TACOMA, Wash. - The Point Defiance Zoo & Aquarium in Tacoma is mourning the death of a 6-year-old Sumatran tiger, who died after being seriously injured during a breeding introduction.
According to zookeepers, Kirana was slowly introduced to 2-year-old Raja, another Sumatran tiger, as a part of a plan to save their endangered species.
Staff approached the pairing of Kirana and Raja very slowly and carefully over many months, according to Dr. Karen Goodrowe, the zoo's general curator. Keepers moved the two near each other so they had visual and smell access while still being physically separated by a mesh door and then closely monitored the pair, looking for "chuffing," fence-rubbing, and other positive signs that they were attracted to and comfortable with each other.
Finally, when Kirana was in estrus and, after more intensive monitoring, the keepers removed the mesh barrier and allowed the tigers to meet physically, the zoo said. When keepers noticed Kirana was in distress, they worked to distract Raja to separate the pair.
Kirana sustained life-threatening injuries during the meet.
4/23/2021 (Photo/Katie Cotterill) Point Defiance Zoo & Aquarium.

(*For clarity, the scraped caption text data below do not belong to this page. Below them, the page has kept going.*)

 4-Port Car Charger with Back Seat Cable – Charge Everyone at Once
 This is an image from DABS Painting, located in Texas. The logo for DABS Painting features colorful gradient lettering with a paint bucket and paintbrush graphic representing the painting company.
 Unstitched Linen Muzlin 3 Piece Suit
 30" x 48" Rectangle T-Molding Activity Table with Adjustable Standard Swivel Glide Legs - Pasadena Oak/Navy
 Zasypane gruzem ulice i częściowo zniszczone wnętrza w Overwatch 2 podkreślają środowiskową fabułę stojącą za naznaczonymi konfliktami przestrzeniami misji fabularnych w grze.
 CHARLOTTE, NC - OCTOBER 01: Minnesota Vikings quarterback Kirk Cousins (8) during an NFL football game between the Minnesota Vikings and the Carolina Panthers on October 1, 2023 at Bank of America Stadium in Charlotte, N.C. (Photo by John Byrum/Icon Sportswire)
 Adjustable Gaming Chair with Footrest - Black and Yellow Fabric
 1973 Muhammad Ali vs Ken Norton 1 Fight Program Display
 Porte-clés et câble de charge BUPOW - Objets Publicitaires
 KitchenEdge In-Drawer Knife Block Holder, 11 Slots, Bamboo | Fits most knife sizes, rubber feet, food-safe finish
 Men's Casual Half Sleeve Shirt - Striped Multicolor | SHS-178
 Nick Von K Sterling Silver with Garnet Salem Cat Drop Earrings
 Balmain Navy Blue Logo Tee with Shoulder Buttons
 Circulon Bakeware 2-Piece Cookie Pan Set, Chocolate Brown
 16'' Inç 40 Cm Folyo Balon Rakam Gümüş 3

She received around-the-clock care for her injuries, and it looked as though she were improving at one point. However, she succumbed to her injuries. An animal autopsy confirmed Kirana died of "substantial trauma from injuries and a bacterial infection."
The zoo has introduced four Sumatran tiger pairs since 2010 and none has resulted in a tiger death or serious injury, according to Goodrowe.
"When tigers breed, it’s natural for them to spar with each other and there is typically some level of aggression," said Goodrowe. "This level of aggression was far beyond what we would expect with tiger introductions."
Point Defiance Zoo is one of 14 accredited North American zoos that received recommendations this year from the Species Survival Plan programs to breed their Sumatran tigers. "A litter of cubs would help preserve this endangered species, which has only about 400 animals left in the wild on the Indonesian island of Sumatra." the zoo explained.
Only 77 Sumatran tigers live in North American zoos, according to the zoo.
In addition to Raja, there are three other Sumatran tigers at Point Defiance Zoo: 8-year-olds Kali and Bandar and 6-year-old Indah.